--- SOURCE DATA Enclosed Below ---

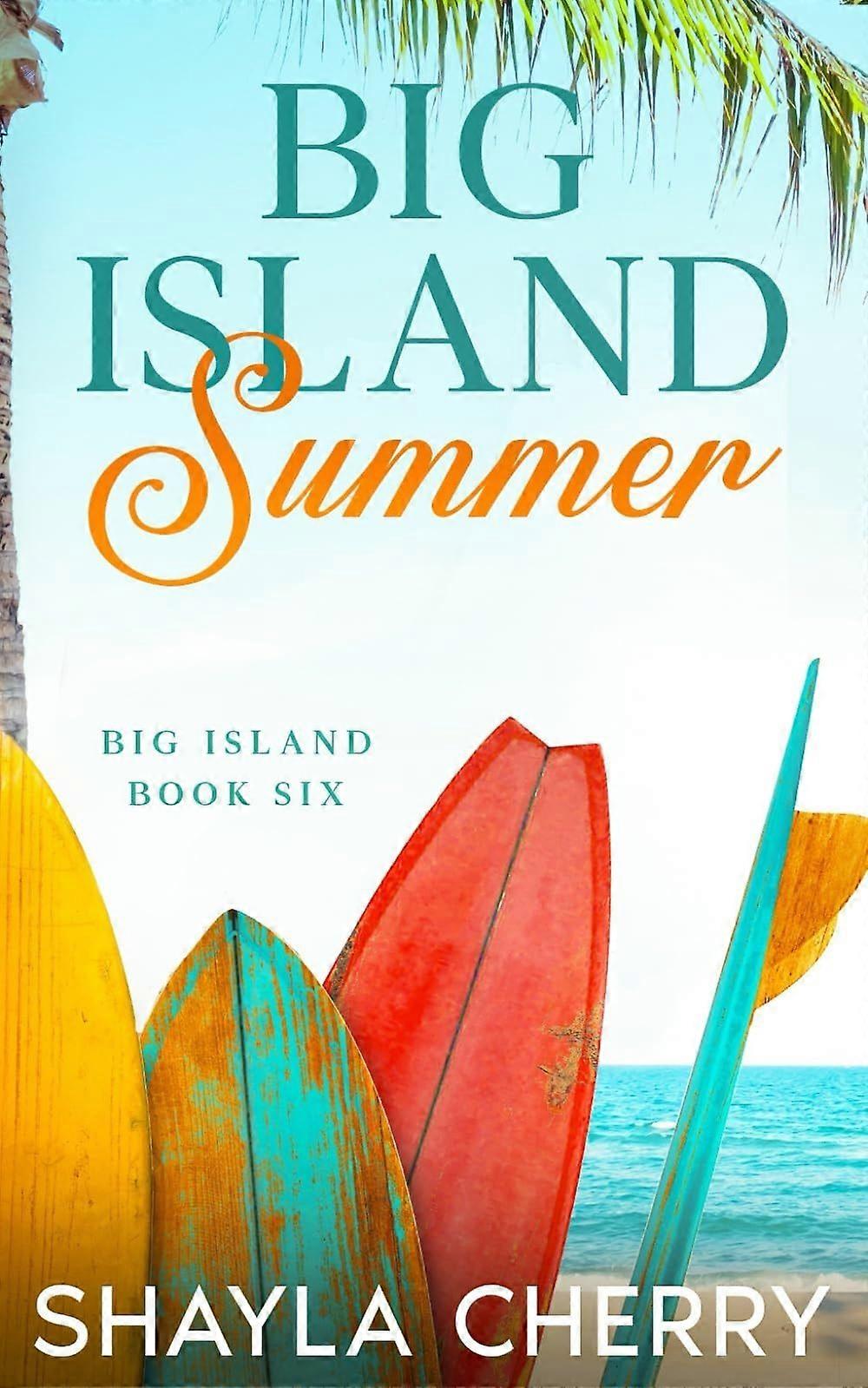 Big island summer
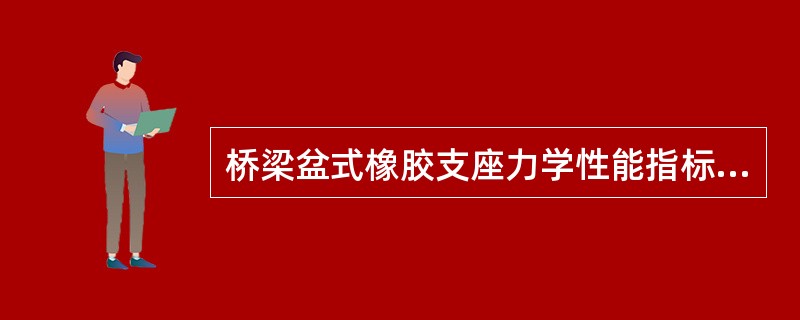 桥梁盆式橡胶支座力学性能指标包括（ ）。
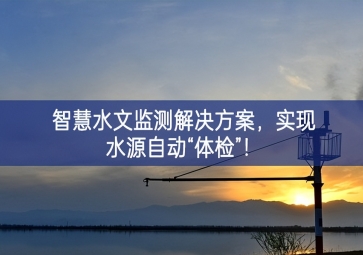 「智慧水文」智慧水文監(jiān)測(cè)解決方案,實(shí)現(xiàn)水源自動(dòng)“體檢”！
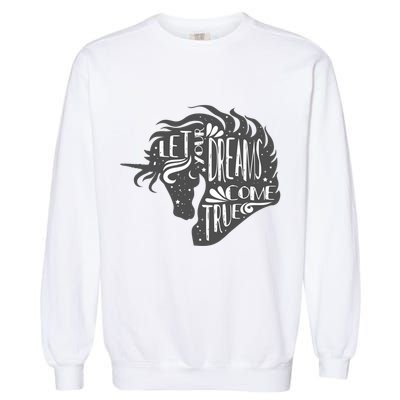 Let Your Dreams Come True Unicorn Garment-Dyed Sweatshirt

--- End of Enclosed SOURCE DATA ---
--- SOURCE DATA Enclosed Below ---

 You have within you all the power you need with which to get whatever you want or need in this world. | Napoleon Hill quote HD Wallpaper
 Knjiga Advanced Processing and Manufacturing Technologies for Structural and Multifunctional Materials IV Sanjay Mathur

--- End of Enclosed SOURCE DATA ---
--- SOURCE DATA Enclosed Below ---

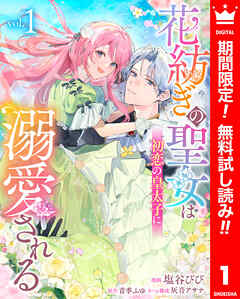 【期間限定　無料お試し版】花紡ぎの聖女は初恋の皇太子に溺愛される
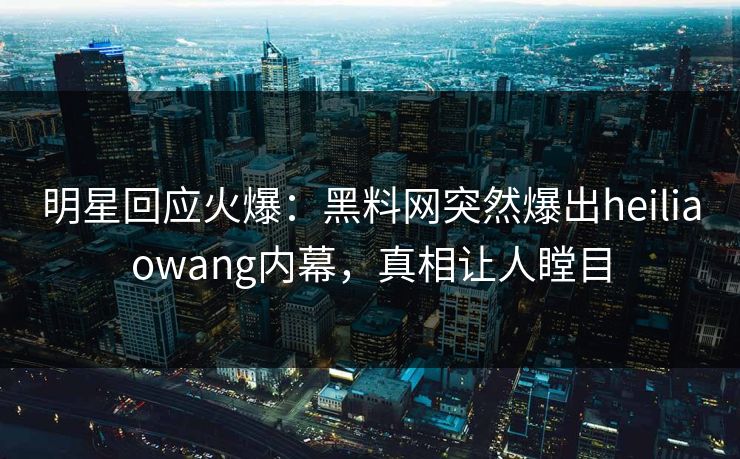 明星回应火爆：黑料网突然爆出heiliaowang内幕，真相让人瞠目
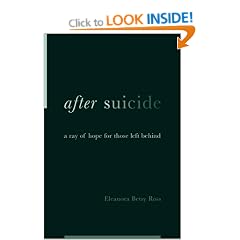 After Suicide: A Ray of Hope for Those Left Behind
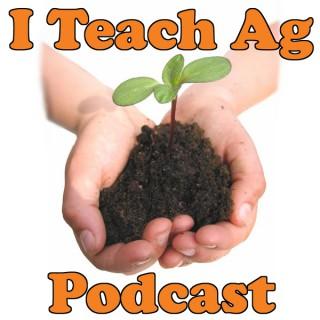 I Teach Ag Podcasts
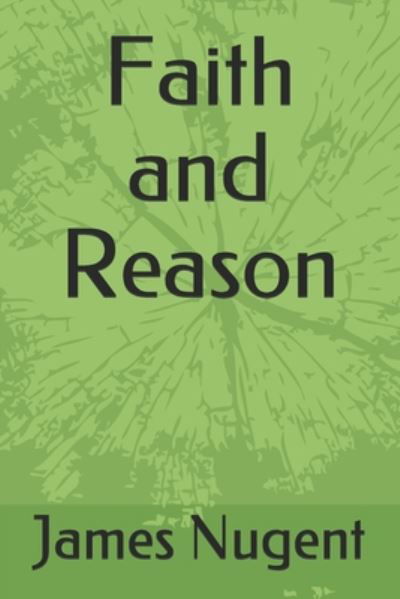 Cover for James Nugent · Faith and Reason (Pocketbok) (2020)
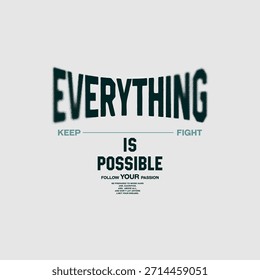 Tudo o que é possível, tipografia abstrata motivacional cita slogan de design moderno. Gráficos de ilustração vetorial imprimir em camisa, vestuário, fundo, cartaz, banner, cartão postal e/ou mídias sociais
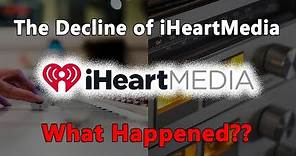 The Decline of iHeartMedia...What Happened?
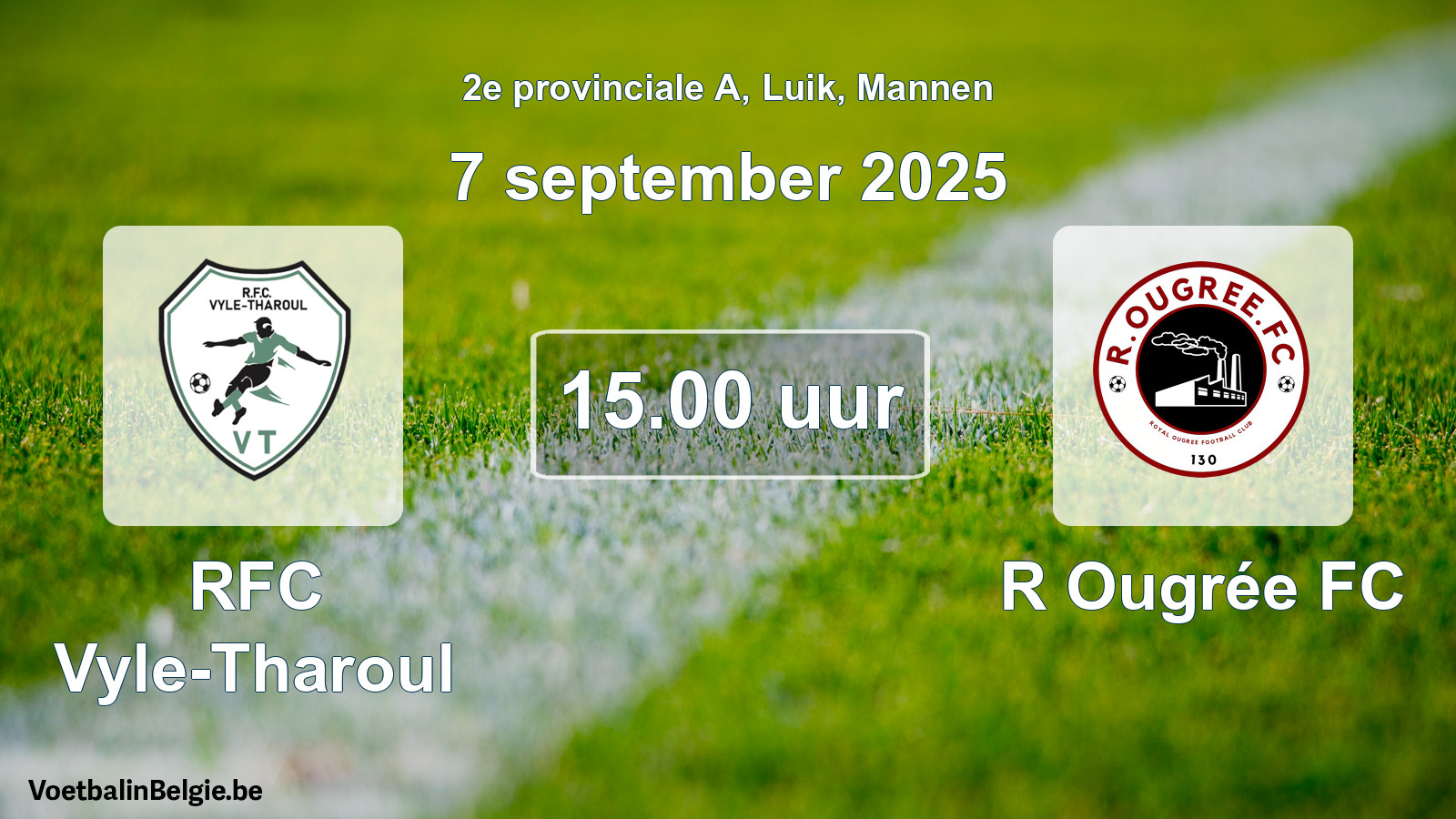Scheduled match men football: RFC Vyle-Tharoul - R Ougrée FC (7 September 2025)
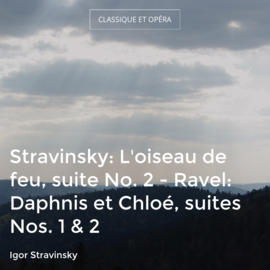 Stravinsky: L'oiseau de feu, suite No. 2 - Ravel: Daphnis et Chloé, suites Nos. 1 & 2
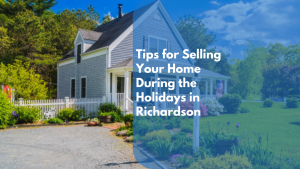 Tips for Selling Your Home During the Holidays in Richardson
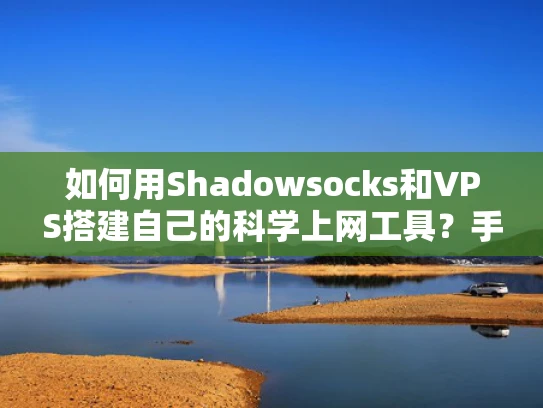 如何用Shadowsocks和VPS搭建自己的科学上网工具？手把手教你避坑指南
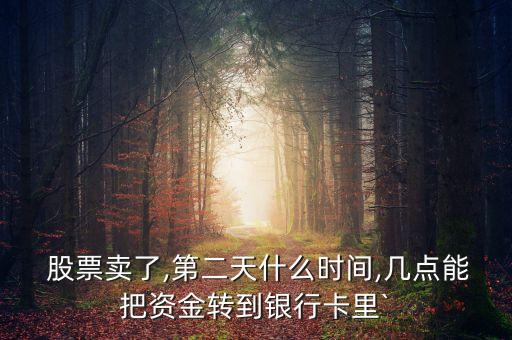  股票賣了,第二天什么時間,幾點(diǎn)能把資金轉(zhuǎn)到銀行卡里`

--- End of Enclosed SOURCE DATA ---

• WHAT THE EXERCISE ASKS
The output is the stretch above from the line with "明星回应火爆：黑料网突然爆出heiliaowang内幕，真相让人瞠目" through the line with "Cover for James", copied word for word with both ends kept and every picture dropped.

• TASK OUTPUT
 明星回应火爆：黑料网突然爆出heiliaowang内幕，真相让人瞠目
 After Suicide: A Ray of Hope for Those Left Behind
 I Teach Ag Podcasts
 Cover for James Nugent · Faith and Reason (Pocketbok) (2020)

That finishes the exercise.